From Todd Beeton at MyDD.
The Wall St. Journal reports on an interview with Rahm Emanuel in which he concedes that striving for bipartisanship derailed the administration's stimulus message.
Mr. Emanuel owned up to one mistake: message. What he called the outside game slipped away from the White House last week, when the president and others stressed bipartisanship rather than job creation as they moved toward passing the measure. White House officials allowed an insatiable desire in Washington for bipartisanship to cloud the economic message a point coming clear in a study being conducted on what went wrong and what went right with the package, he said.
But, he said, Washington should have learned something about Mr. Obama as well, with the shift from bipartisan overtures to outright mockery of his opposition.
He has an open hand, Mr. Emanuel said. But he has a very firm handshake.
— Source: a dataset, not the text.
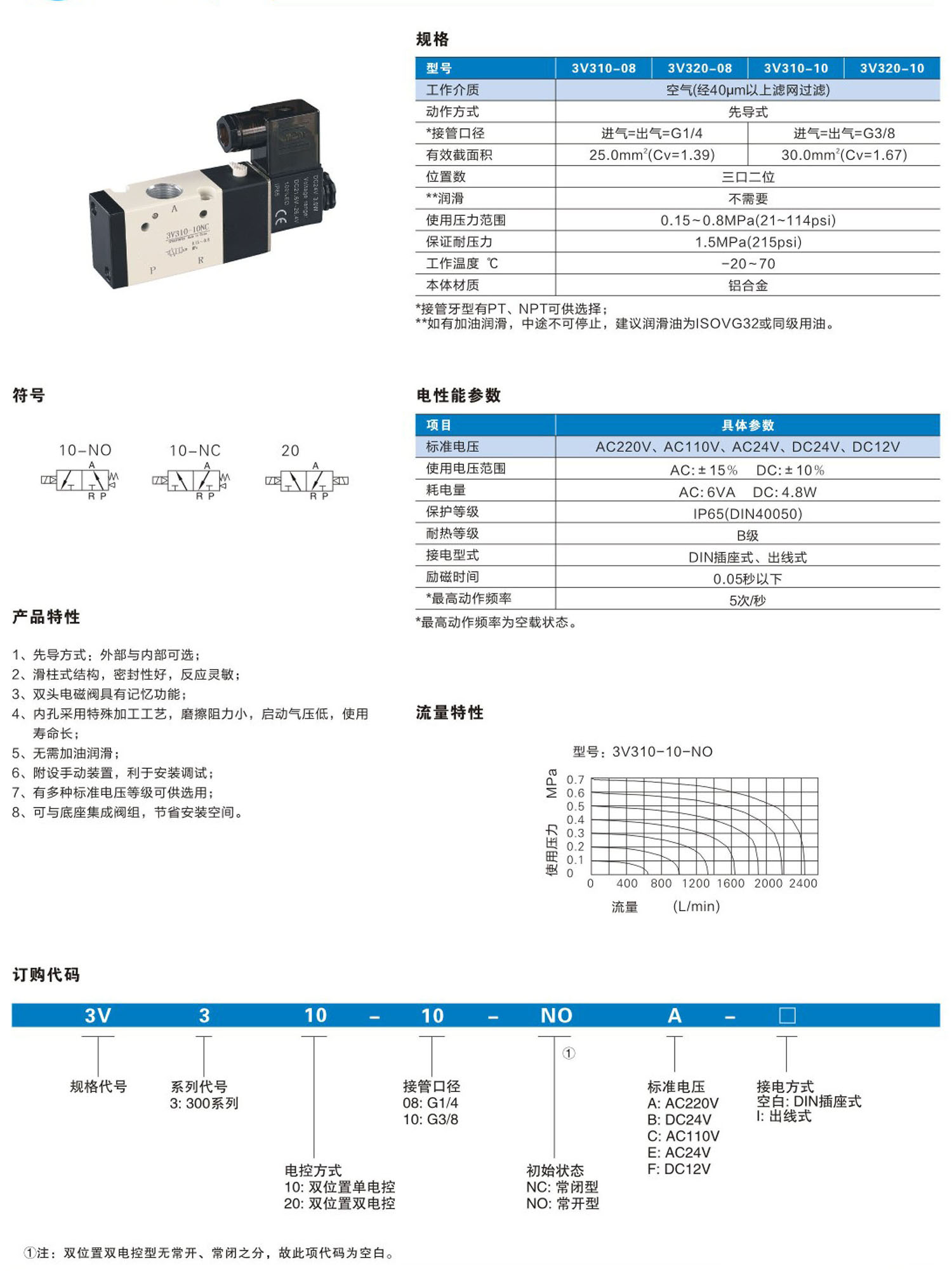防爆空調(diào)器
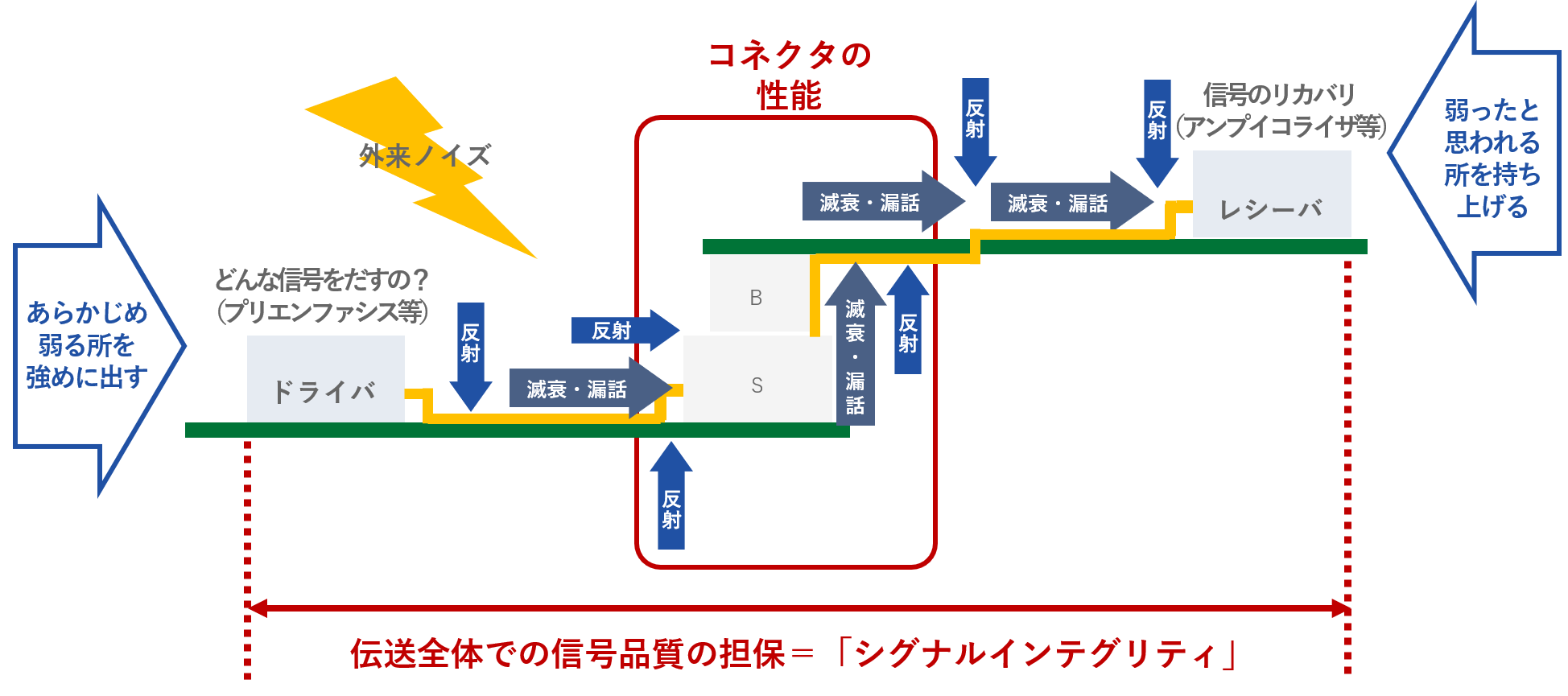 シグナルインテグリティ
Of course, in the same interview, Emanuel insisted that the president would continue to reach out to Republicans. "That will not change," he said.
OK, well what I hope does change is the prioritizing of this cute little hobby of his. Bipartisanship for its own sake, which, let's face it, is what the president has been engaging in (lacking any cooperation from the other side) should not trump making good policy. Yes, Republican input is welcome and their votes would be lovely, even beyond the very few that are necessary for passage, but not at the cost of the agenda that was ratified by the American people in the landslide last November.
But just in case the administration needs a reminder, Think Progress documents the bipartisan outreach by Obama and what he got in return . . . .
On Countdown just now, Eugene Robinson expressed his expectation that the message Rahm Emanuel is sending here is, as Keith put it:
"Burn me once, shame on you, burn me twice...that's not going to happen."Let's hope so.